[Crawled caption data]
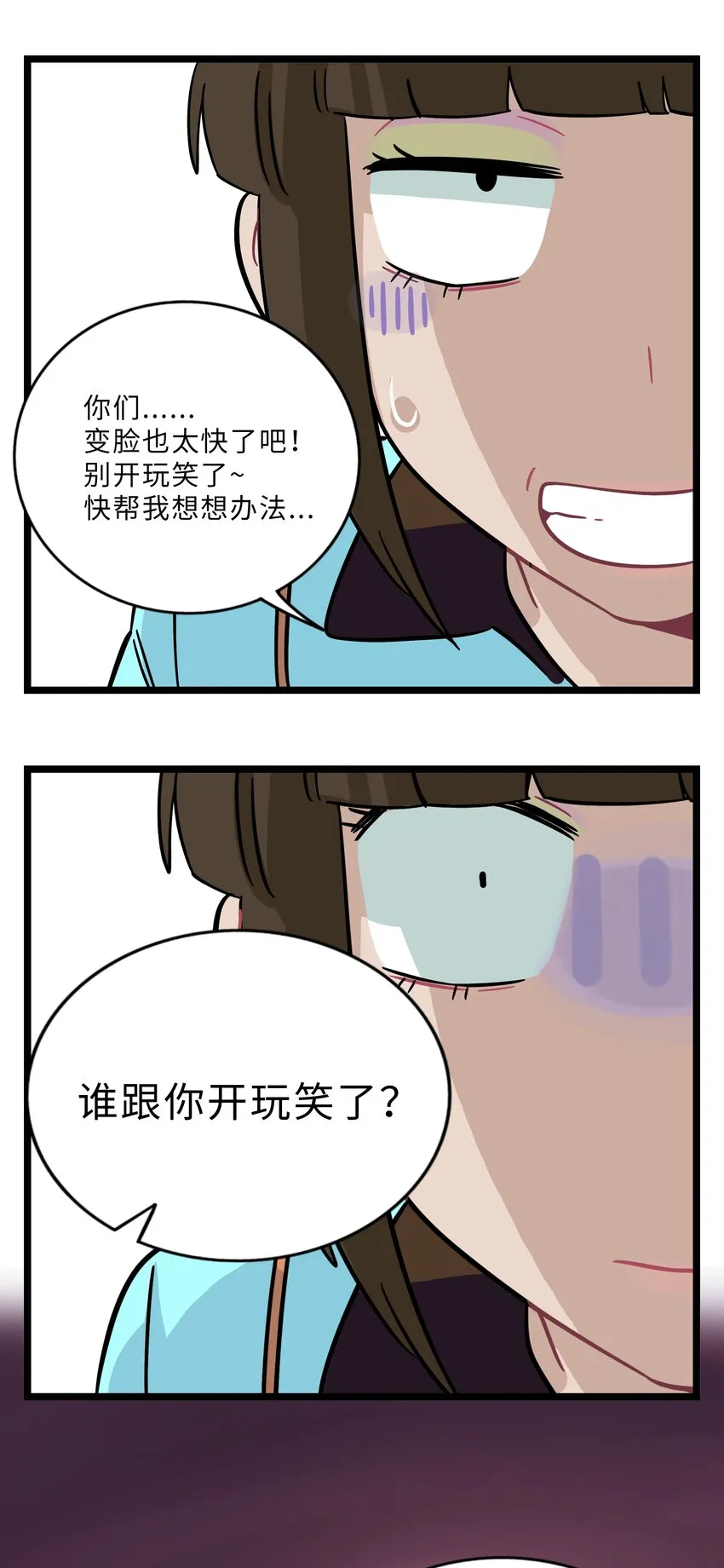 010 希望你会出现 第31页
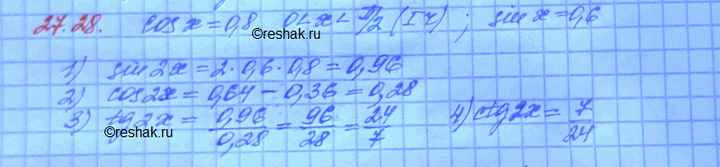 Изображение Известно, что cos х = 0,8, 0 < х < пи/2. Вычислите: a) sin 2x;  б) cos 2х;  в) tg 2х;  г) ctg...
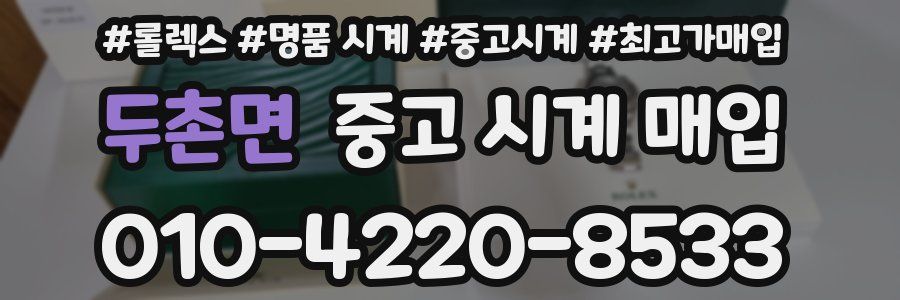 두촌면 중고 시계 매입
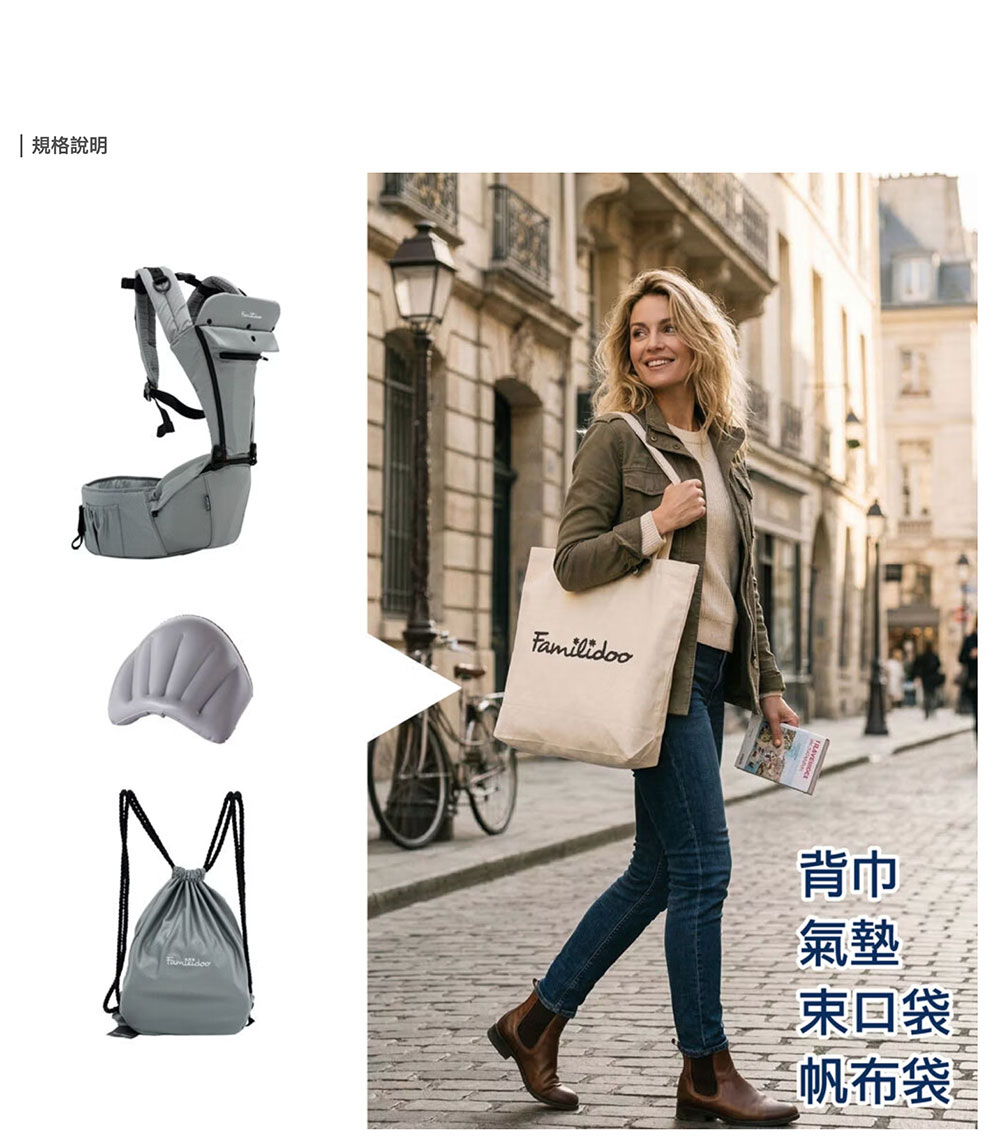米多Braid Air多功能嬰兒背巾商品介紹
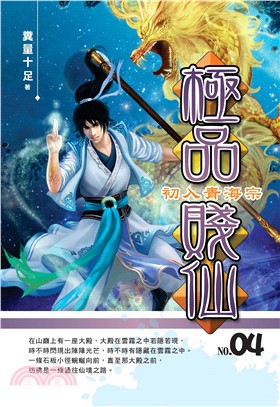 極品賤仙04：初入青海宗(電子書)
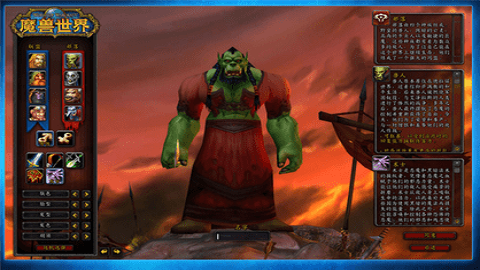 魔兽世界三季稻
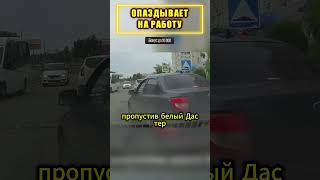 🤯ТОРОПЫГА уже больше НЕ СПЕШИТautomobile [upl. by Semajwerdna]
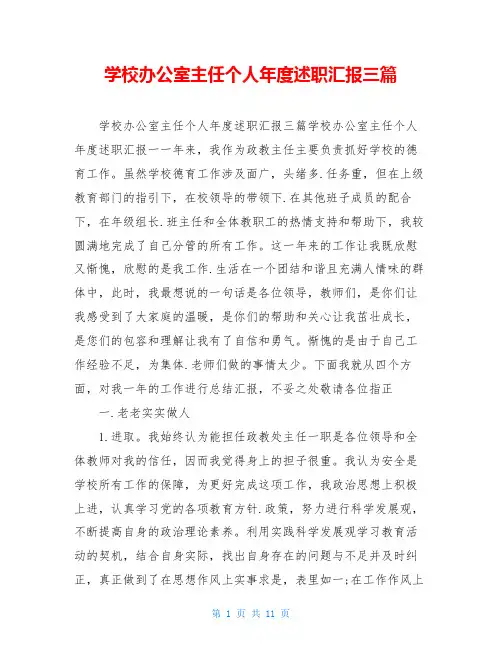 学校办公室主任个人年度述职汇报三篇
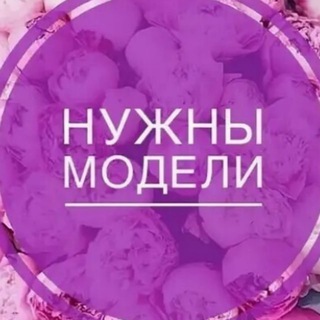 Аватар Ищу модель Барнаул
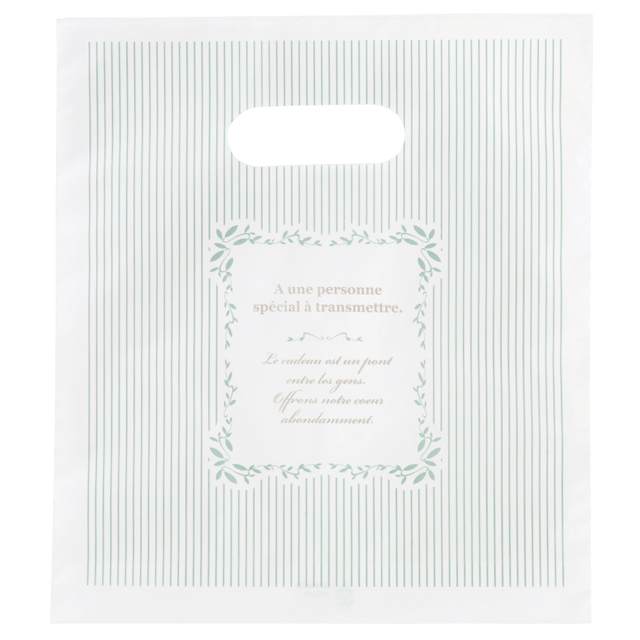 プチギフトお持ち帰り用バッグ（ラッピング）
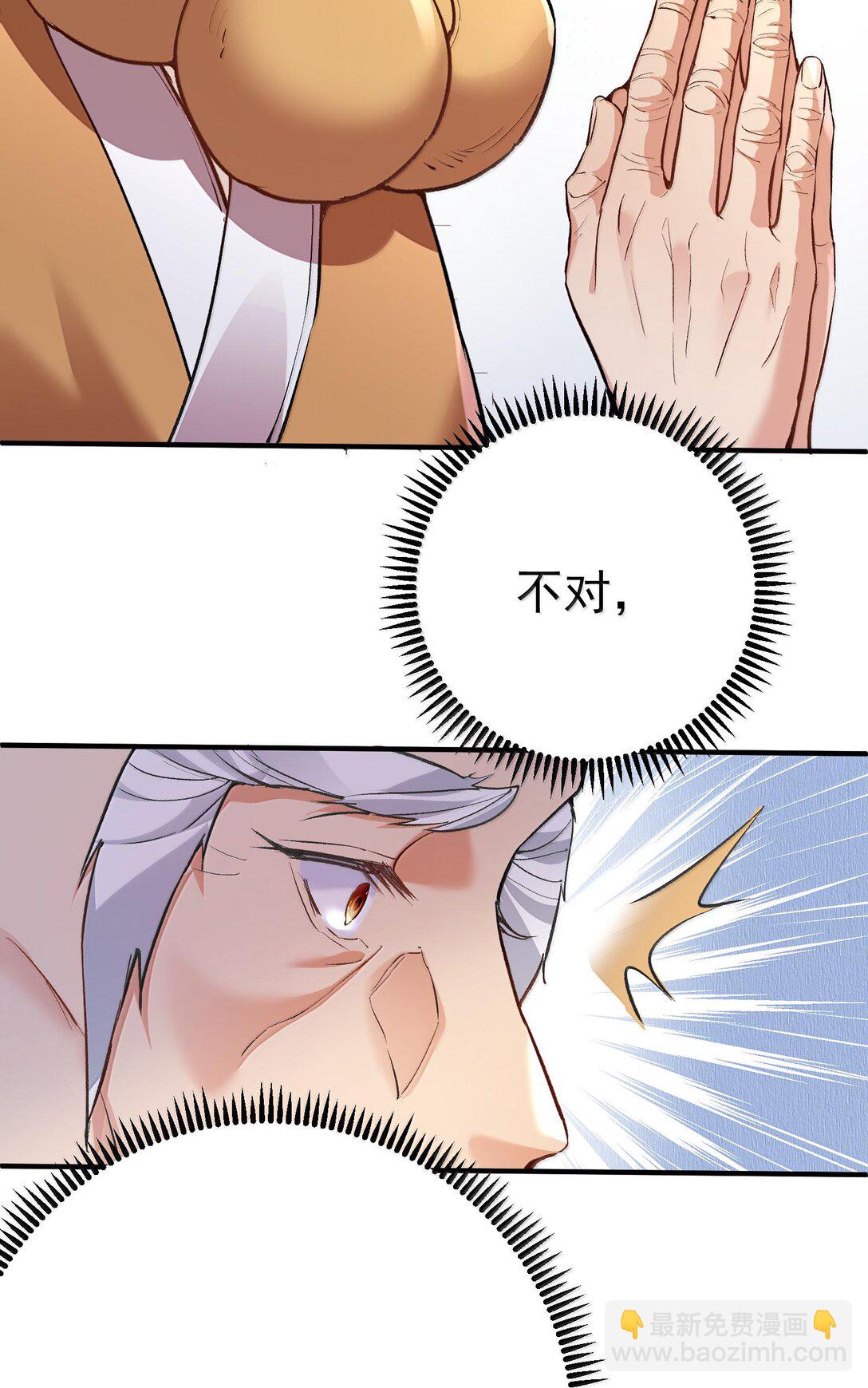 263 推演无效？！(1/2)-第264话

## Work instruction
Excluding the pictures, output every entry above without alteration.

## Exercise answer
 010 希望你会出现 第31页
 Изображение Известно, что cos х = 0,8, 0 < х < пи/2. Вычислите: a) sin 2x;  б) cos 2х;  в) tg 2х;  г) ctg...
 두촌면 중고 시계 매입
米多Braid Air多功能嬰兒背巾商品介紹
 極品賤仙04：初入青海宗(電子書)
 魔兽世界三季稻
 🤯ТОРОПЫГА уже больше НЕ СПЕШИТautomobile [upl. by Semajwerdna]
 学校办公室主任个人年度述职汇报三篇
 Аватар Ищу модель Барнаул
 プチギフトお持ち帰り用バッグ（ラッピング）
 263 推演无效？！(1/2)-第264话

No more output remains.